** INFORMATION SUPPLIED follows **
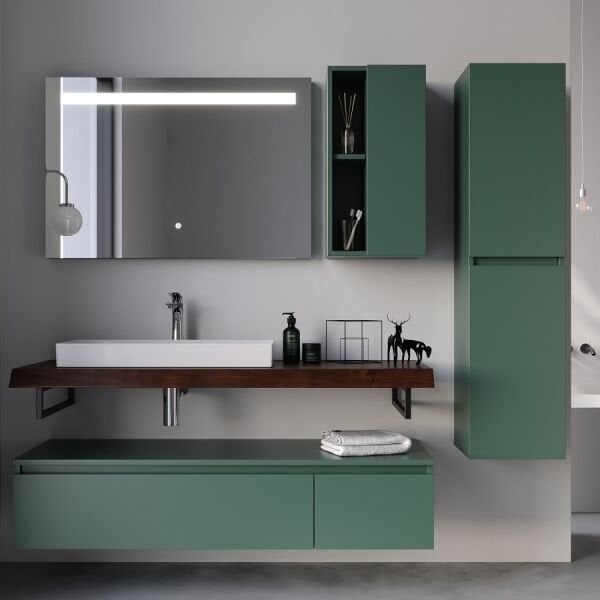 Smart Milano 140 cm Mat Koyu Yeşil Banyo Dolabı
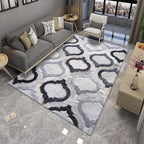Modern Living Room Rug Multicolor Color Block Area Rug Polyester Non-Slip Machine Washable Rug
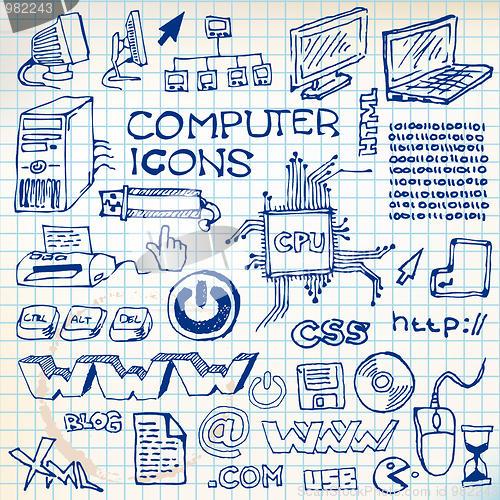 Image of Set of hand-drawn computer icons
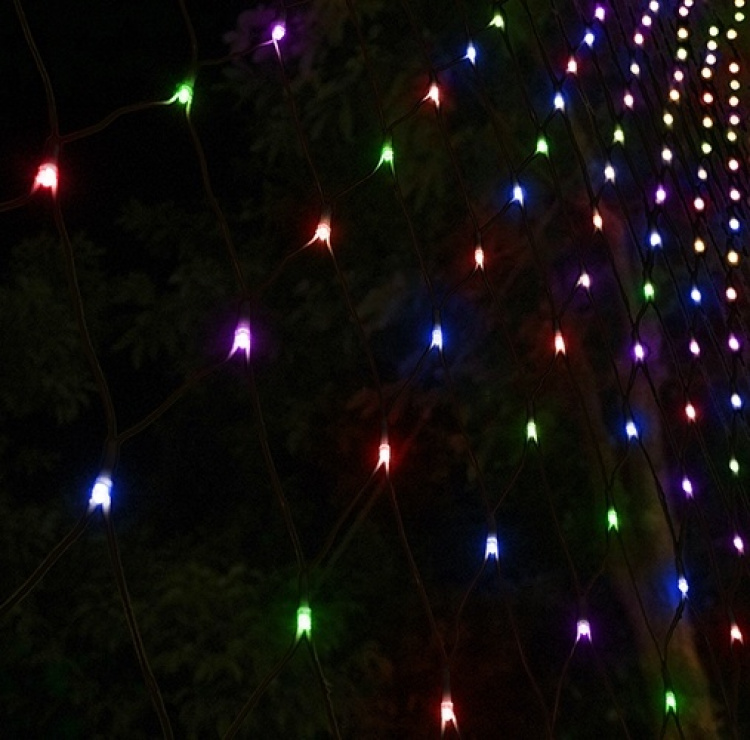 Curtain lights, outdoor, 120 x 150 cm,18 LED, adaptor, multi color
** End of INFORMATION SUPPLIED **
### TASK TO COMPLETE
Without any pictures, print the whole listing again exactly as it stands.

### SOLUTION FOR THIS TASK
 Smart Milano 140 cm Mat Koyu Yeşil Banyo Dolabı
Modern Living Room Rug Multicolor Color Block Area Rug Polyester Non-Slip Machine Washable Rug
 Image of Set of hand-drawn computer icons
 Curtain lights, outdoor, 120 x 150 cm,18 LED, adaptor, multi color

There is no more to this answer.